*** Opening of Recorded data ***
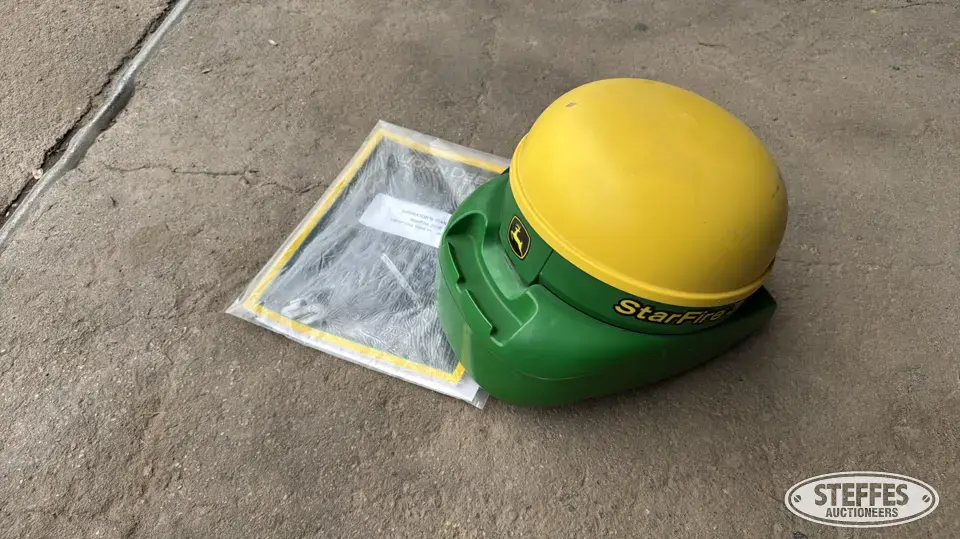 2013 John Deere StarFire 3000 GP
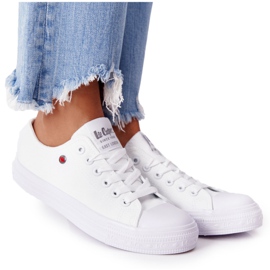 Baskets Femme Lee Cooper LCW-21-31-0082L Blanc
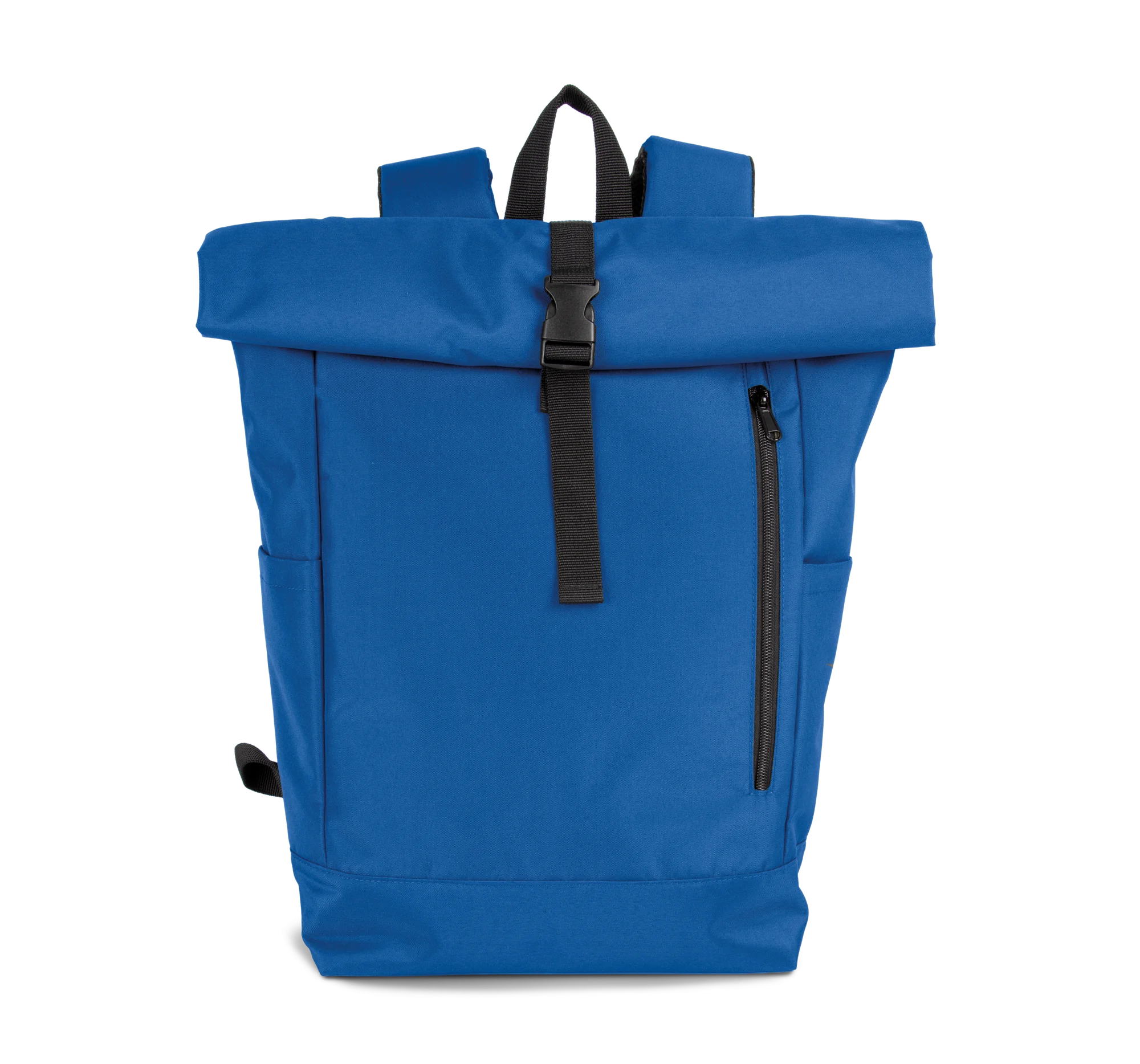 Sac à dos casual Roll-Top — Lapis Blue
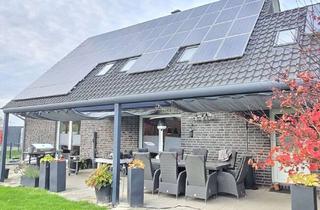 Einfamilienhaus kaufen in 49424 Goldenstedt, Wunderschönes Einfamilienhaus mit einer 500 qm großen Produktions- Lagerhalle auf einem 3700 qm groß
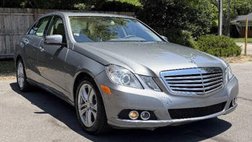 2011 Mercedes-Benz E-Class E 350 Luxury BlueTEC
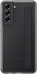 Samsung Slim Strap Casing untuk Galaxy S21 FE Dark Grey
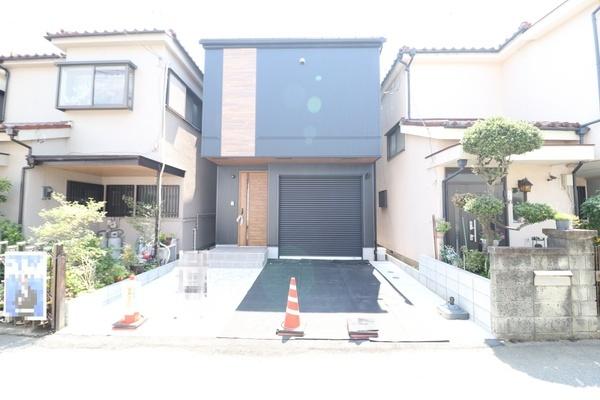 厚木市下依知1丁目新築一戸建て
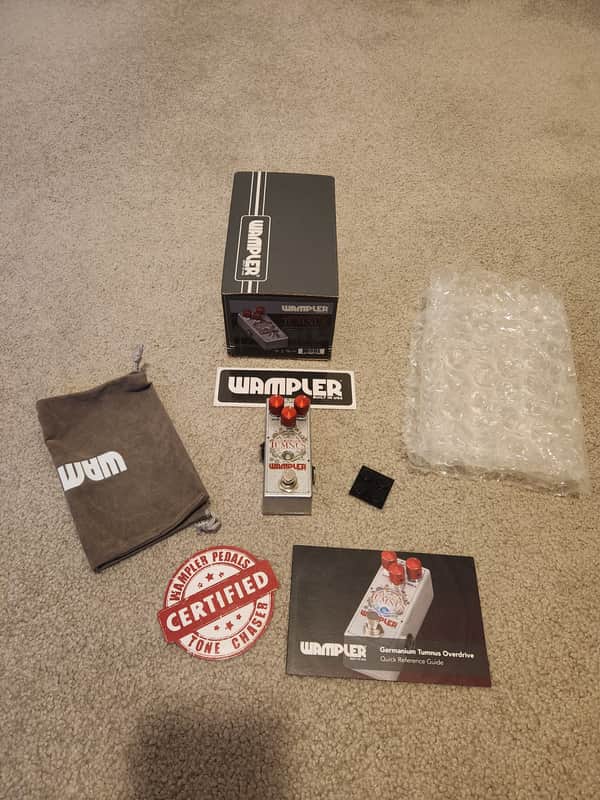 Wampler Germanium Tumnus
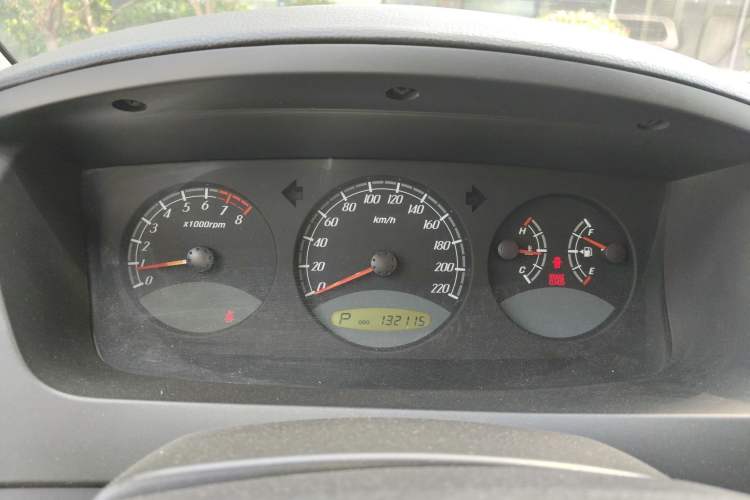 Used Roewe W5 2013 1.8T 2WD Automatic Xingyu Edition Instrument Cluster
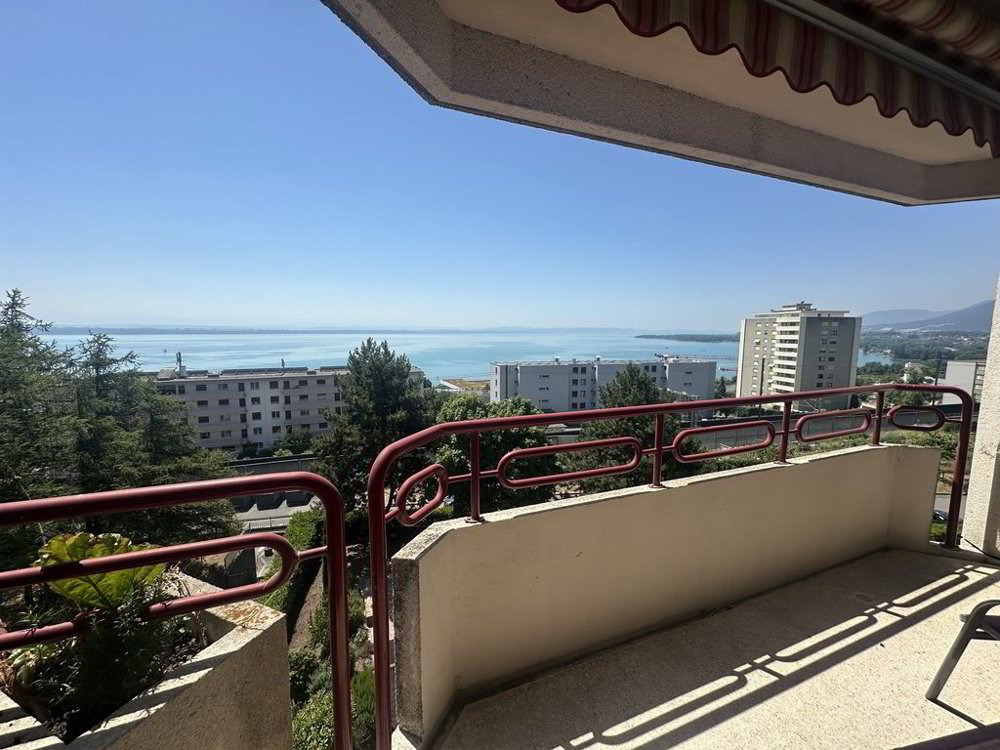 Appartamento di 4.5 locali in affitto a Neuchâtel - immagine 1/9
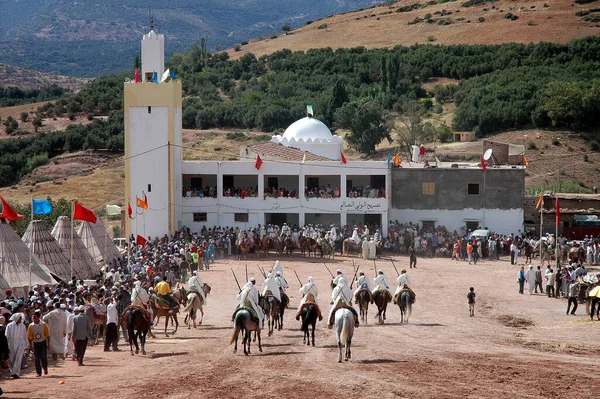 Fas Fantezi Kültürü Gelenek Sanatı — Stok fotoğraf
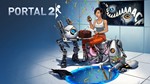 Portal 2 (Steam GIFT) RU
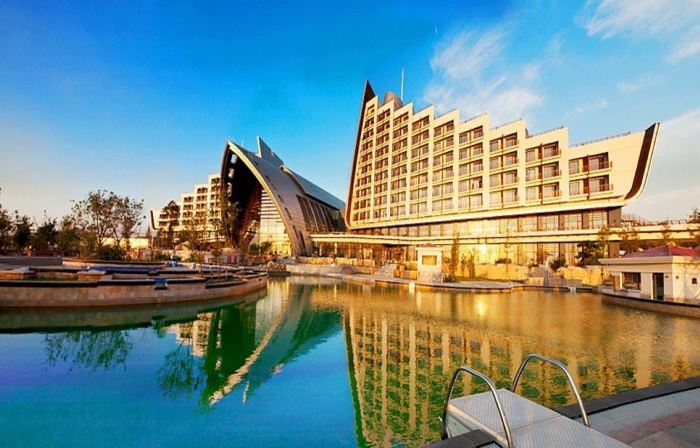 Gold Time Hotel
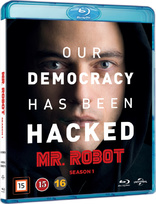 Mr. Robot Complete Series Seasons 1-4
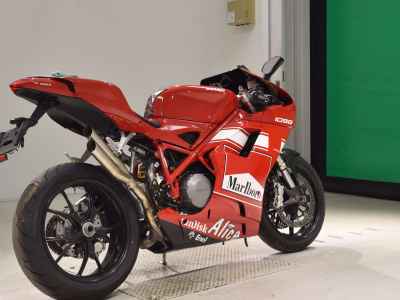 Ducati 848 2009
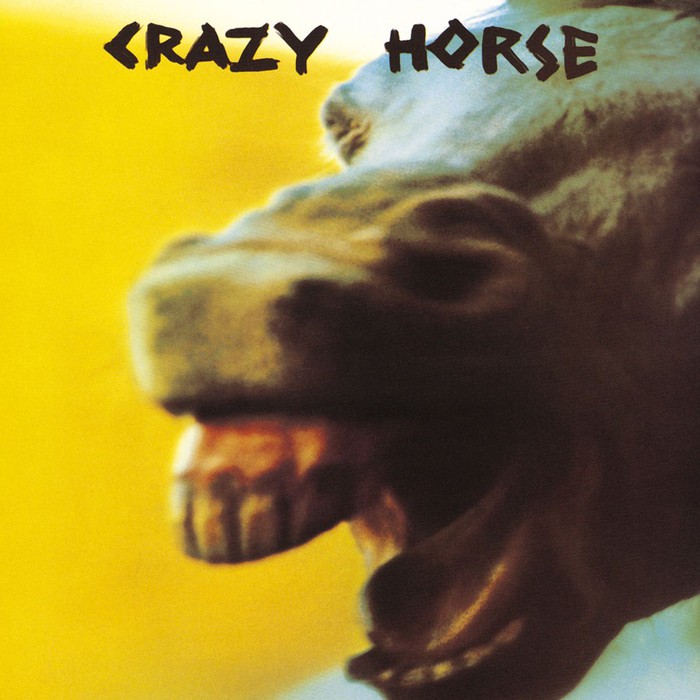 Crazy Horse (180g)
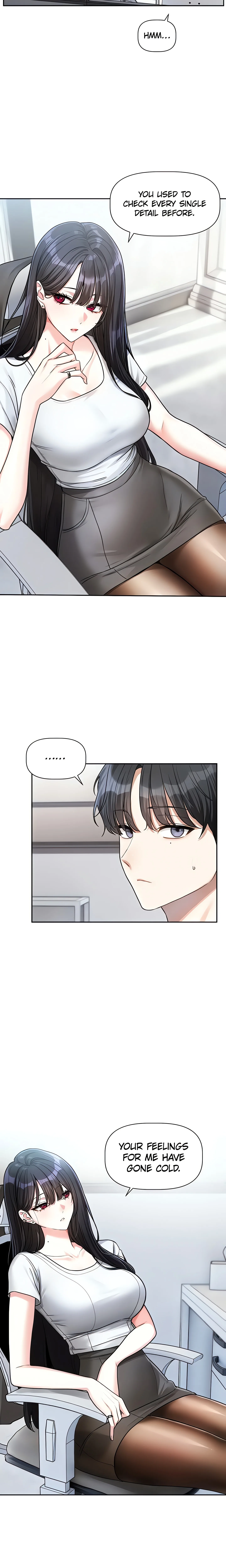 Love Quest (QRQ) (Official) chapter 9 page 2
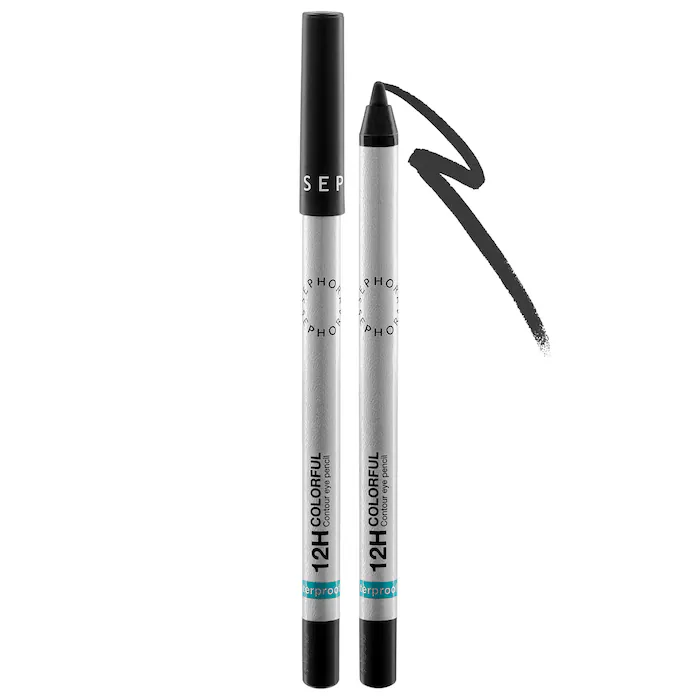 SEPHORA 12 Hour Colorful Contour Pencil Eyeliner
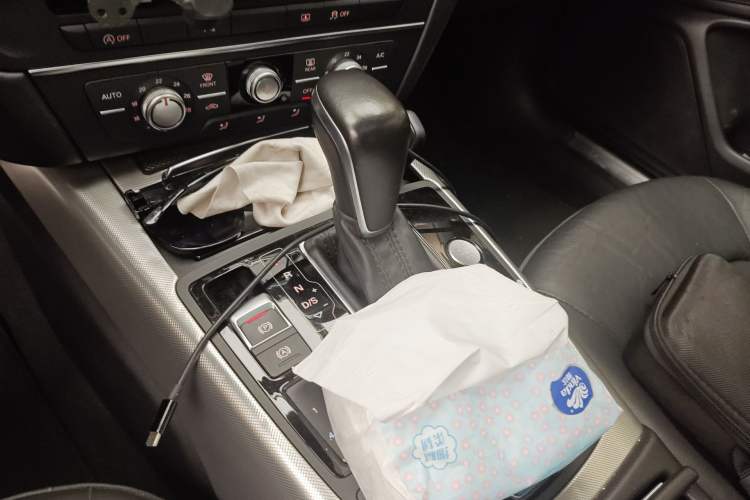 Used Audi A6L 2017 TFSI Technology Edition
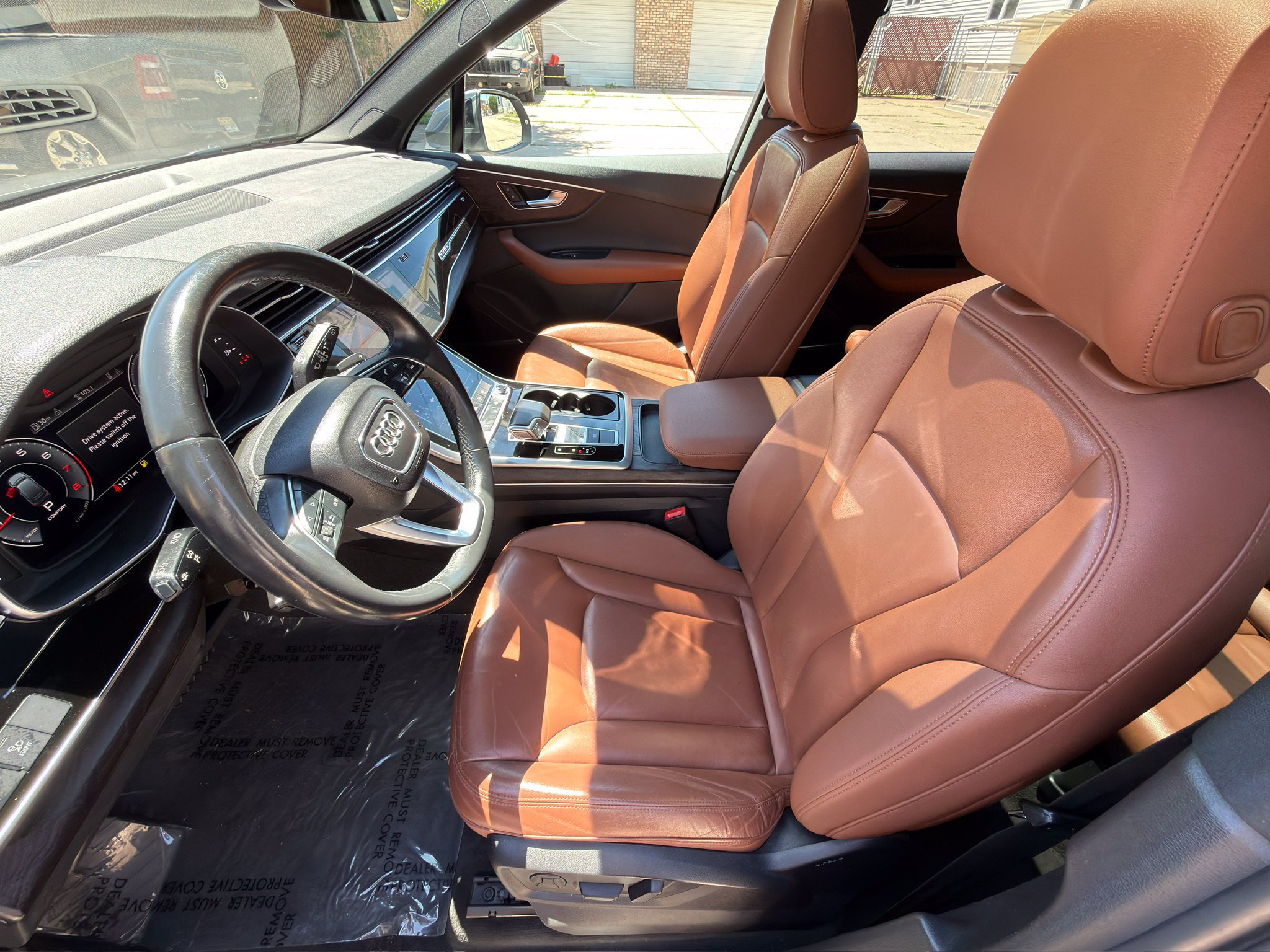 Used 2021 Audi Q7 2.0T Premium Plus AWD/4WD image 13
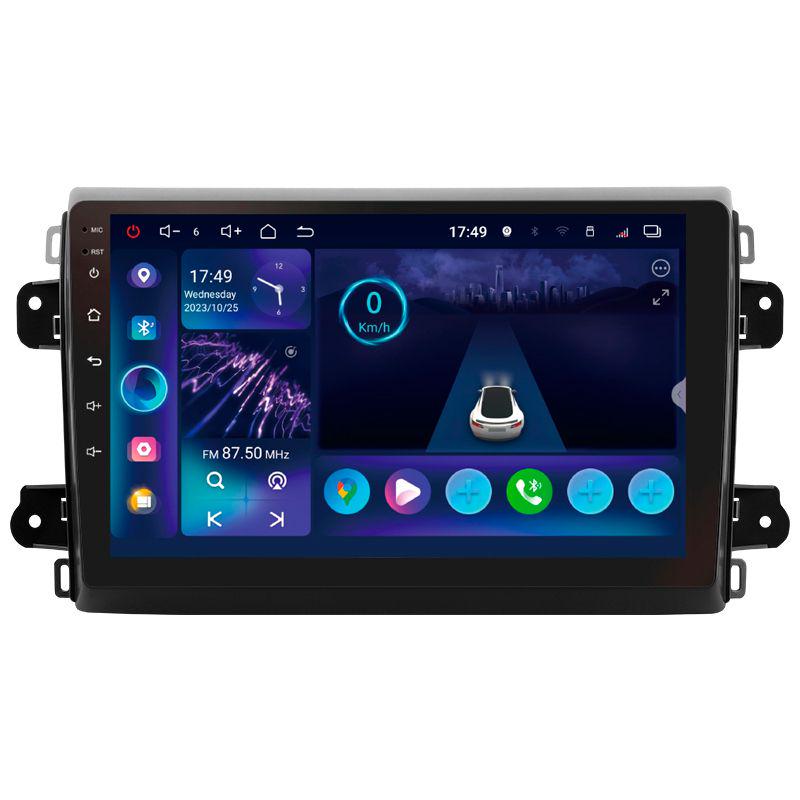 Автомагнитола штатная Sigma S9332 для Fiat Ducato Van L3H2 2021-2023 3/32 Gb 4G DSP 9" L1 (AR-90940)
*** Close of Recorded data ***
What you print must match the entries exactly, except that no pictures appear.

 2013 John Deere StarFire 3000 GP
 Baskets Femme Lee Cooper LCW-21-31-0082L Blanc
 Sac à dos casual Roll-Top — Lapis Blue
 Einfamilienhaus kaufen in 49424 Goldenstedt, Wunderschönes Einfamilienhaus mit einer 500 qm großen Produktions- Lagerhalle auf einem 3700 qm groß
 2011 Mercedes-Benz E-Class E 350 Luxury BlueTEC
 Samsung Slim Strap Casing untuk Galaxy S21 FE Dark Grey
 厚木市下依知1丁目新築一戸建て
 Wampler Germanium Tumnus
 Used Roewe W5 2013 1.8T 2WD Automatic Xingyu Edition Instrument Cluster
 Appartamento di 4.5 locali in affitto a Neuchâtel - immagine 1/9
 Fas Fantezi Kültürü Gelenek Sanatı — Stok fotoğraf
 Portal 2 (Steam GIFT) RU
 Gold Time Hotel
 Mr. Robot Complete Series Seasons 1-4
 Ducati 848 2009
 Crazy Horse (180g)
 Love Quest (QRQ) (Official) chapter 9 page 2
 SEPHORA 12 Hour Colorful Contour Pencil Eyeliner
 Used Audi A6L 2017 TFSI Technology Edition
 Used 2021 Audi Q7 2.0T Premium Plus AWD/4WD image 13
 Автомагнитола штатная Sigma S9332 для Fiat Ducato Van L3H2 2021-2023 3/32 Gb 4G DSP 9" L1 (AR-90940)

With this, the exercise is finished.